We know our wise men were surprised for naturally they went first to Jerusalem.  Where else after all would you look for the King of the Jews?  But Herod slyly pushes them towards Bethlehem in Judea and the star, the very same that they had seen in their homeland re-appeared.  (It was in its absence, you see, that they had to enquire more conventionally.)  It settled over the house where they found the child with his mother.  This close reading of Matthew, the only place where the wise men are mentioned, leaves out much of the story that we remember, or we think we remember, and that features on so many of the Christmas cards that I took down on Friday.  They are not, firstly, in the stable with the shepherds, who came on the very night of Jesus’ birth, but sometime later, almost certainly at least after the presentation in the Temple and some say even as much as a year afterwards (although I struggle with that).  Nor are we sure from where they came.  The word Magi is Persian, so some say that is their home while others favour Babylon or Chaldea and we are not ever told that they were three.  We imagine that from the number of gifts: gold, frankincense and myrrh.  Yet the core of the story is that men, not local people of Israel who were nearby and for whom the Messiah was predicted and awaited, men came from afar, Gentiles at that, prefiguring what we know, that Jesus came to save all people.  Men of wisdom and wealth came to worship, to offer praise and thanksgiving, overwhelmed with joy they knelt down and paid him homage.

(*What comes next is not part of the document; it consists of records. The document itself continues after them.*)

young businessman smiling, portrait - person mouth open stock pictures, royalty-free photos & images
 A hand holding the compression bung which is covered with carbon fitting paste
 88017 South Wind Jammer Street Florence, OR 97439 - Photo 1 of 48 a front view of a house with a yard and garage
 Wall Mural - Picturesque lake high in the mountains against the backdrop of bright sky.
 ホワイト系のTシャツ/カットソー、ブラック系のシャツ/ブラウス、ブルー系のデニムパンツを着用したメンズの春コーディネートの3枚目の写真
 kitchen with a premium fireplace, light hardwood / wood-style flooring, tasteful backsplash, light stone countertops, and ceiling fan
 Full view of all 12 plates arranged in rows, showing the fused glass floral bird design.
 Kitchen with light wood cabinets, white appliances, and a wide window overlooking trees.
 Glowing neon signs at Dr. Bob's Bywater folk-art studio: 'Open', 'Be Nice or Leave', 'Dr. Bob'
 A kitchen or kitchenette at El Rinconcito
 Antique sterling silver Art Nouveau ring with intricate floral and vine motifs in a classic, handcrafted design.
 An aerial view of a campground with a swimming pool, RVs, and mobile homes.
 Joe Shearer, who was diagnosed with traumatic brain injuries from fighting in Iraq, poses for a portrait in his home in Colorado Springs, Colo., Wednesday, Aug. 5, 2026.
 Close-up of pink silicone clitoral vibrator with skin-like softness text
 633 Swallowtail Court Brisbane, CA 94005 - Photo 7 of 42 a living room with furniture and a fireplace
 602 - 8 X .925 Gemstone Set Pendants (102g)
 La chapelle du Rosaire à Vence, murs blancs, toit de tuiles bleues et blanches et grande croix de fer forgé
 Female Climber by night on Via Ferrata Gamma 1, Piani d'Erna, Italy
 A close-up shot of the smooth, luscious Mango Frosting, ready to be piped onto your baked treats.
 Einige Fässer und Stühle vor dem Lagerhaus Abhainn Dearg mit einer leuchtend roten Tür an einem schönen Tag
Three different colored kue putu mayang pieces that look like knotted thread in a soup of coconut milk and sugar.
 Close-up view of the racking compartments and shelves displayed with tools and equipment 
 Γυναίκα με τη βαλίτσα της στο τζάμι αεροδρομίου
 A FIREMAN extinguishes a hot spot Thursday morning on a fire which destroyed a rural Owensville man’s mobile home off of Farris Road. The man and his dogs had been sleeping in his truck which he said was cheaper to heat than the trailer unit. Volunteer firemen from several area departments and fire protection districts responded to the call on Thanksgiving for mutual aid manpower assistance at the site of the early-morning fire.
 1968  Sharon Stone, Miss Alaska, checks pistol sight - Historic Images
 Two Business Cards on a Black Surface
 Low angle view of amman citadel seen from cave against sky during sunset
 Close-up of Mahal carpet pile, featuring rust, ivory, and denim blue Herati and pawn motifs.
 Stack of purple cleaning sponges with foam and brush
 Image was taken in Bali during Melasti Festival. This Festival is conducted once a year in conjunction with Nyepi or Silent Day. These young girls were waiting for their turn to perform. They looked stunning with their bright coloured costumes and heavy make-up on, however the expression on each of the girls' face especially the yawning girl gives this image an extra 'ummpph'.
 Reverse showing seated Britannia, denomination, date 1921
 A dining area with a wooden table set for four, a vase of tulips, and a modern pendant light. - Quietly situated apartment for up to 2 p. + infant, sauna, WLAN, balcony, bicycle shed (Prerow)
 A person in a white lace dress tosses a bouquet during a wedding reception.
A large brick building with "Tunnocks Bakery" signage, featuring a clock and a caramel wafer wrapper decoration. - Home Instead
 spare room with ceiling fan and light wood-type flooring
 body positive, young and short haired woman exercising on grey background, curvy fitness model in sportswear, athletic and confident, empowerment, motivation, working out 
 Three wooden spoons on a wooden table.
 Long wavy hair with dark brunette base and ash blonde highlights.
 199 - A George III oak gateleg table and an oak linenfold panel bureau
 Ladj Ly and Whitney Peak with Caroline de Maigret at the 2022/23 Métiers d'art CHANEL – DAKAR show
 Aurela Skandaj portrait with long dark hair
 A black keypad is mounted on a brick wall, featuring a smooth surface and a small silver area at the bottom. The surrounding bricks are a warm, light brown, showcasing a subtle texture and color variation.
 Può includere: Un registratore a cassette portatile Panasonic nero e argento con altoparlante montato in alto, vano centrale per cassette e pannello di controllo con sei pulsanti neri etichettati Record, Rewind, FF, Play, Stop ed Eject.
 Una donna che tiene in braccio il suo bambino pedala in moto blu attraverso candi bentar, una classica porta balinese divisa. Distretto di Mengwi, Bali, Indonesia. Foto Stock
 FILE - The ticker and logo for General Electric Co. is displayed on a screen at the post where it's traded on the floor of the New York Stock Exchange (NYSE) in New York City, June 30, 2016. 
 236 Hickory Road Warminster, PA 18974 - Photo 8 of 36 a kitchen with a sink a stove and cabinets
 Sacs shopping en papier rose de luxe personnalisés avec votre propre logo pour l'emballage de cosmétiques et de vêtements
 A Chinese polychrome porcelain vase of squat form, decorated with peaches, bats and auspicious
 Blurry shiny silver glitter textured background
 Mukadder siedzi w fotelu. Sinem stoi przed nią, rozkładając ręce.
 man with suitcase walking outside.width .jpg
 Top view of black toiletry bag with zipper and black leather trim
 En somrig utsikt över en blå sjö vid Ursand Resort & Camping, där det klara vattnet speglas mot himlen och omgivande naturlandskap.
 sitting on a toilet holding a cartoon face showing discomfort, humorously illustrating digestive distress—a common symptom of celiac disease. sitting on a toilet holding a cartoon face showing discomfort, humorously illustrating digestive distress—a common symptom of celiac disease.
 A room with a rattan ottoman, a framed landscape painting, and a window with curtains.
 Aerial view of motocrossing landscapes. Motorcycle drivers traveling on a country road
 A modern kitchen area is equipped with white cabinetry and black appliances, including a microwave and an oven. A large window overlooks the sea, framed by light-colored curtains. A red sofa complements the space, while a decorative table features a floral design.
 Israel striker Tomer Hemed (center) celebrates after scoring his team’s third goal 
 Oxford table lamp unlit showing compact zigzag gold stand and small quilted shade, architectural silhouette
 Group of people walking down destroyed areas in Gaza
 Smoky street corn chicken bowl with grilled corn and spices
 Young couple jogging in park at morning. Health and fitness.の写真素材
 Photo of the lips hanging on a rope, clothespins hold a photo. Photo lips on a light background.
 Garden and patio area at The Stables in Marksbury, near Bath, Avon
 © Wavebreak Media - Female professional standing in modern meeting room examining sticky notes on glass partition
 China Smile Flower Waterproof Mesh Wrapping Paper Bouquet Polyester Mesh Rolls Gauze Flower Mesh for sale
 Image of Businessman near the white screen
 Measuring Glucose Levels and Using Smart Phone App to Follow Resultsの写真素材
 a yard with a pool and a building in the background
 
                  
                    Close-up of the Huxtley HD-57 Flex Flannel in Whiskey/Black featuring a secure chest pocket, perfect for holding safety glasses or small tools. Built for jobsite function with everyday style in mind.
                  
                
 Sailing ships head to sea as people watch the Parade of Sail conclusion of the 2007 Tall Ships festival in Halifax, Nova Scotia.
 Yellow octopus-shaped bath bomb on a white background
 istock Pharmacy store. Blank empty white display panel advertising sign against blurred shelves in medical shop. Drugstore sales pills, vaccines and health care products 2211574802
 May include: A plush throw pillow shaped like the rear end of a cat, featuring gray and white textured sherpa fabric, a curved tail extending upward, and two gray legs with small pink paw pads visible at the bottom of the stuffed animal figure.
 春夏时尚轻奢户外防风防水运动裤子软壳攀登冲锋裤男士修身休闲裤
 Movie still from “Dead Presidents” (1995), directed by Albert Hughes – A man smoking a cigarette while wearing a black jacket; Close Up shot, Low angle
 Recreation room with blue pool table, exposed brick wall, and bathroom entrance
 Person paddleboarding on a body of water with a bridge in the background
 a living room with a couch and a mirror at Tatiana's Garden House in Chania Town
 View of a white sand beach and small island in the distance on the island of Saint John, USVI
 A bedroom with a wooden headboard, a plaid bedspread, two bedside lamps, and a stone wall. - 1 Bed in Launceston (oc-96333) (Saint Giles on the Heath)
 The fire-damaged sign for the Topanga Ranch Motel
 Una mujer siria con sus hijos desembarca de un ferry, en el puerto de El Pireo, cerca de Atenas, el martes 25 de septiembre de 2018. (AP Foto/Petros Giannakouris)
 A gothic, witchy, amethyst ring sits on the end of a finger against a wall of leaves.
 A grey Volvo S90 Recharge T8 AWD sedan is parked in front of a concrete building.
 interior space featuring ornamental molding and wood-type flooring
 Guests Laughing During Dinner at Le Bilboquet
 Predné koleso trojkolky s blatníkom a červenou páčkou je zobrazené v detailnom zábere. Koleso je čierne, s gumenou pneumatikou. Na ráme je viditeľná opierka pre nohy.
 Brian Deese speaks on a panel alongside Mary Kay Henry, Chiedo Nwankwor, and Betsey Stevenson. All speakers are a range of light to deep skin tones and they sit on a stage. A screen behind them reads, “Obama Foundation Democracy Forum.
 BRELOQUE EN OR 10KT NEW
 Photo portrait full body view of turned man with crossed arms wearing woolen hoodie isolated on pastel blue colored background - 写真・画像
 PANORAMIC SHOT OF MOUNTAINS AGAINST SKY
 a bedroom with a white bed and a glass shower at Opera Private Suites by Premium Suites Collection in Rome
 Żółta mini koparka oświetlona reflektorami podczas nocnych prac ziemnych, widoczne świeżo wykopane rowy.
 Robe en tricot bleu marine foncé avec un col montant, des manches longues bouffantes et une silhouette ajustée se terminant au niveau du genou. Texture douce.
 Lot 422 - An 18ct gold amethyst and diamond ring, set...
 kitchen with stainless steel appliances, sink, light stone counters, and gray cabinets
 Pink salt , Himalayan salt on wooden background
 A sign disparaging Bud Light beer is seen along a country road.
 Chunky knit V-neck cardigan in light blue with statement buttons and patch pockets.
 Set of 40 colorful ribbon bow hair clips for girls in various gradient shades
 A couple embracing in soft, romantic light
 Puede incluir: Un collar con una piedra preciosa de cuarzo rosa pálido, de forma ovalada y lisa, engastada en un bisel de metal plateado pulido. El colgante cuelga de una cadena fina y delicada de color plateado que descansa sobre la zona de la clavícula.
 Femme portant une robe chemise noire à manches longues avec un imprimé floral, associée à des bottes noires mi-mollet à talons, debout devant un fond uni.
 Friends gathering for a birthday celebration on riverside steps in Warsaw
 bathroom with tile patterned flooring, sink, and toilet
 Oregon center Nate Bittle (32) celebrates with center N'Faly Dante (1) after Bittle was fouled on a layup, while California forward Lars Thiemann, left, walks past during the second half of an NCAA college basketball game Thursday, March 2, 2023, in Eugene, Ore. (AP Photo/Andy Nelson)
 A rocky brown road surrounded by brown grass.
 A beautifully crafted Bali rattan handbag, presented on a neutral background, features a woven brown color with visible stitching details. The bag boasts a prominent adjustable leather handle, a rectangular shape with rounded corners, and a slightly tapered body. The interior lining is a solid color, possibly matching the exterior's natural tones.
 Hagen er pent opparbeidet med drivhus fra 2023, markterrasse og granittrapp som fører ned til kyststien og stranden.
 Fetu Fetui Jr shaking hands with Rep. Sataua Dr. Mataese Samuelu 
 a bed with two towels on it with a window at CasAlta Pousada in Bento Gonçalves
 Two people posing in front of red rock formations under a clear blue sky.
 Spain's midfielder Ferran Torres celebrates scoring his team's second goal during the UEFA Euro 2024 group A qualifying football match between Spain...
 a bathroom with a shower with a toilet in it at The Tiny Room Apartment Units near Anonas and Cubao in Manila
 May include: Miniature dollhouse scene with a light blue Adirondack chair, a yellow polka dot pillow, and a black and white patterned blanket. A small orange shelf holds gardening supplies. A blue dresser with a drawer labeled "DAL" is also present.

This was their sole purpose; their question in Jerusalem had been: “Where is the child who has been born king of the Jews, for we have come to pay him homage.”  Not you notice to curry favour, or to make a request or even to fulfil a curiosity about what the king was like but to kneel down and worship him.  How important that was, they had set out on a long and perilous journey leaving in T S Eliot’s words “the summer palaces on slopes, the terraces, the silken girls bringing sherbet” to come and worship.

Family tradition has it that Frances and I came to her father’s wedding; actually we didn’t, we missed the ceremony.  We were not in the manger with the sheep and the shepherds, but the core of the story is still true.  We came to join the joy of the day and to celebrate and it was important for us to be there; important to make the journey just as it was for the wise men, wherever you think they were from, whenever you think they arrived, however many of them you think there were, the kernel is there.  The rich powerful wise, men, kings or princes, prostrated themselves before the Lord.